**What is needed:**
All lines from the one holding "Bath - 4610" to the end of the listing are to be output exactly, both ends included, with any pictures left out.

**Extracted information:**

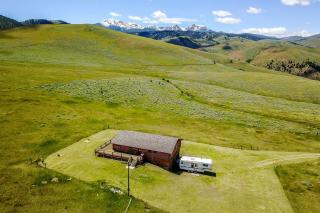Secluded Cabin Rental for a Peaceful Vacation in Montana - 4
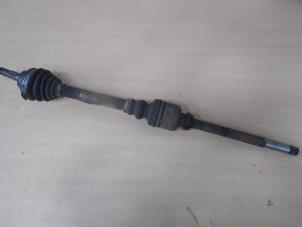 Used Front drive shaft, right Peugeot 307 CC (3B) 2.0 16V Price on request offered by AllroundCarParts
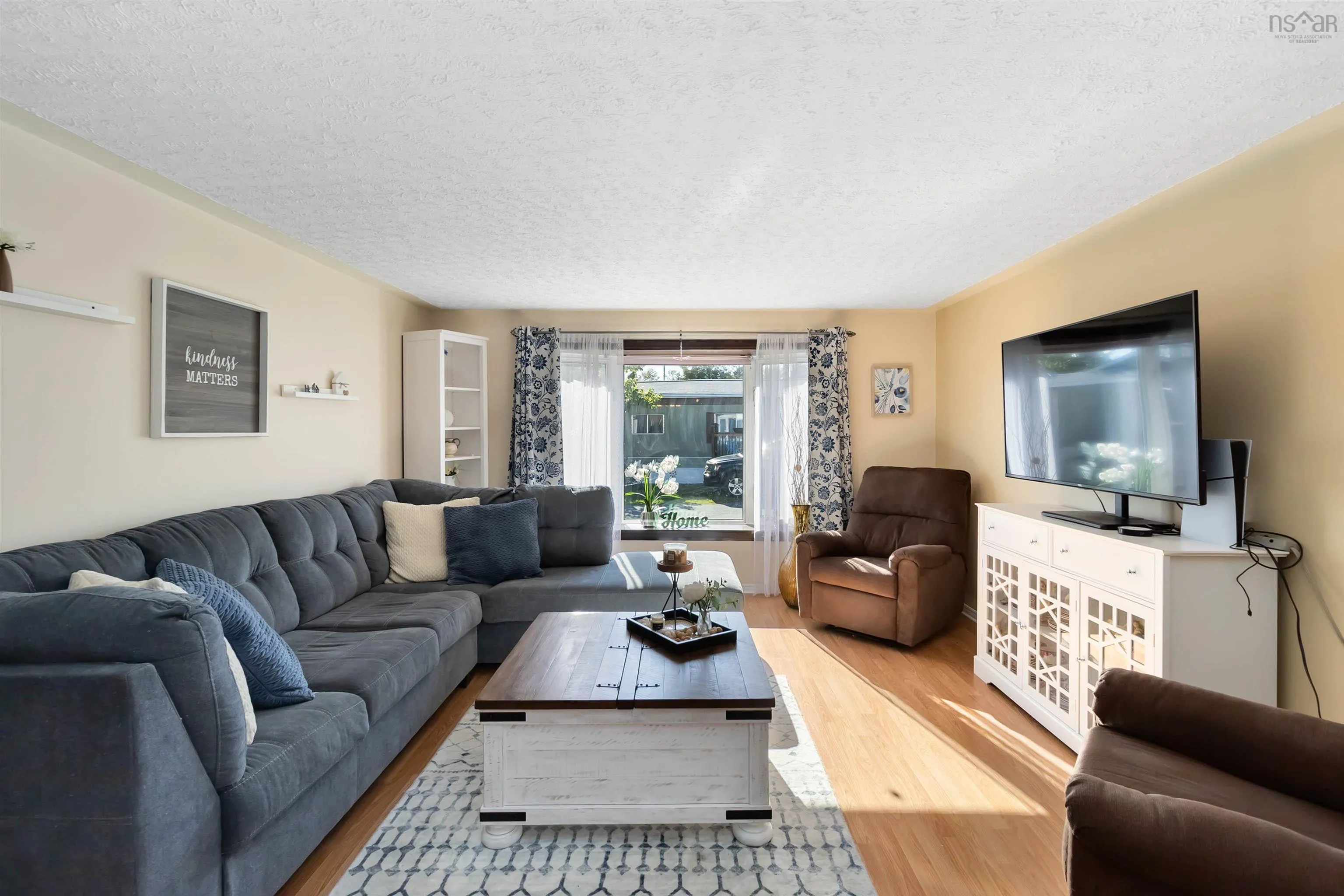 15 Florence Avenue, Dartmouth, NS B2Y 2A4, 2 Bedrooms Bedrooms, ,1 BathroomBathrooms,Residential,For Sale,Avenue,202524264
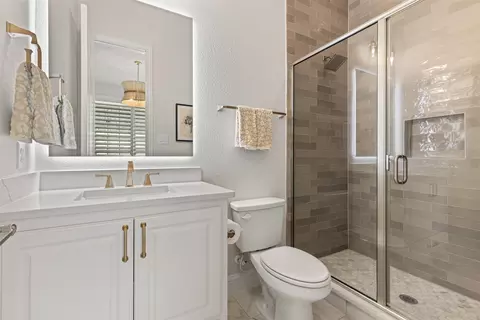 Bath - 4610 Durst Ln, Prosper, TX 75078 photo 4 of 7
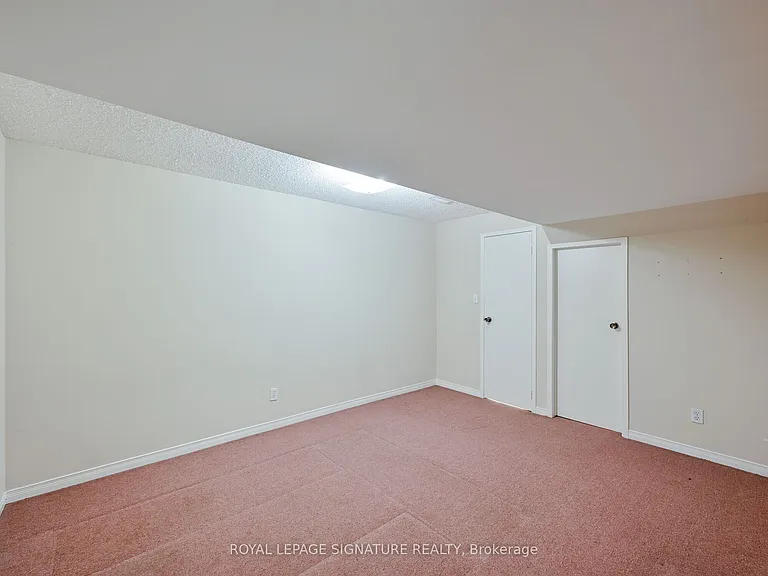 556 Farwell Cres #LOWER — Photo 26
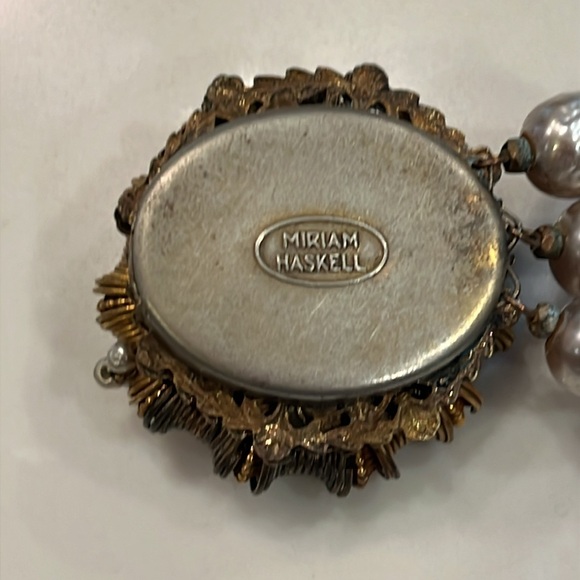 Vintage Signed Miriam Haskell Silver tone Faux Baroque Pearl Bracelet. - Picture 8 of 16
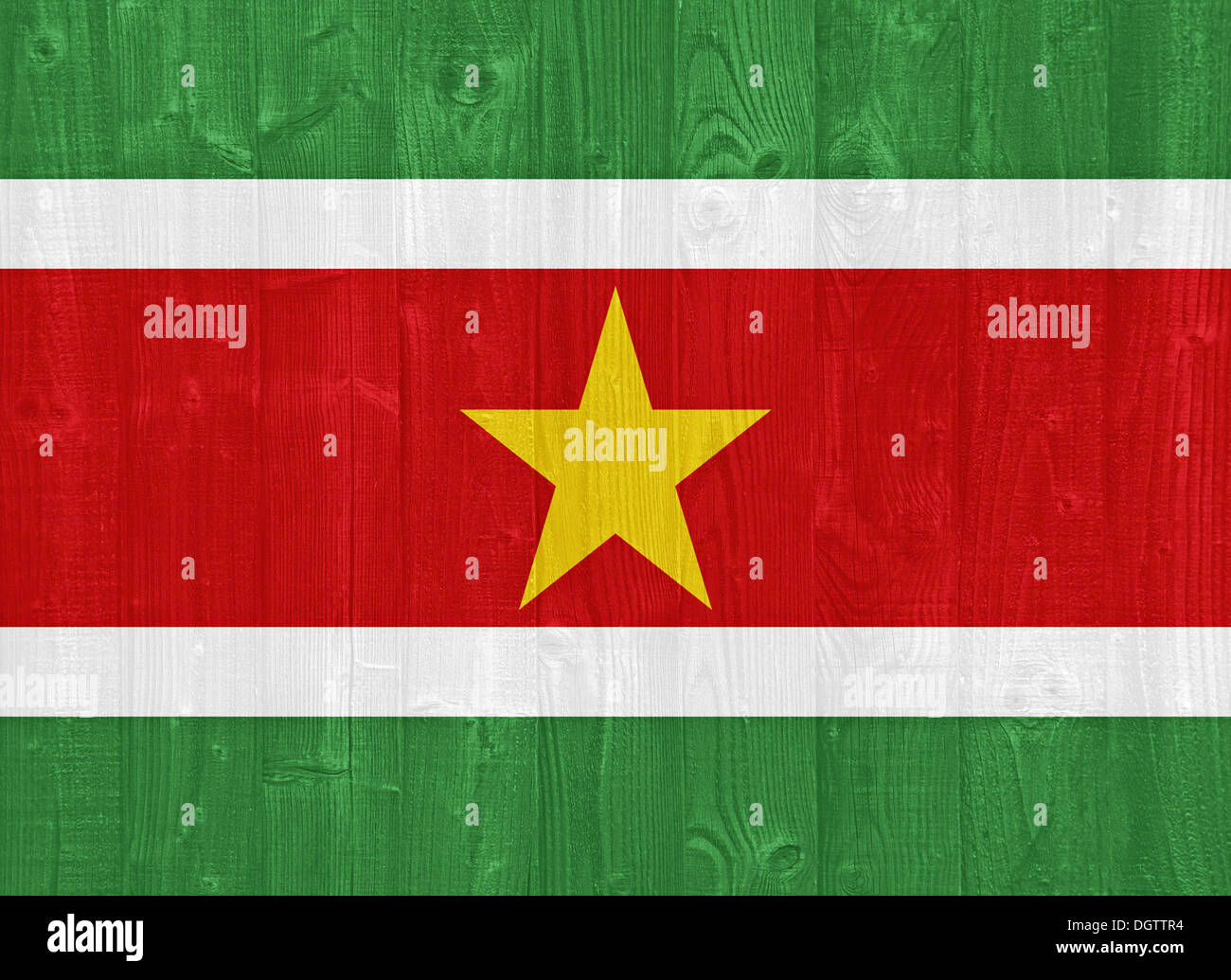 Superbe drapeau Suriname peinte sur une planche en bois texture Banque D'Images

**The completed task:**
 Bath - 4610 Durst Ln, Prosper, TX 75078 photo 4 of 7
 556 Farwell Cres #LOWER — Photo 26
 Vintage Signed Miriam Haskell Silver tone Faux Baroque Pearl Bracelet. - Picture 8 of 16
 Superbe drapeau Suriname peinte sur une planche en bois texture Banque D'Images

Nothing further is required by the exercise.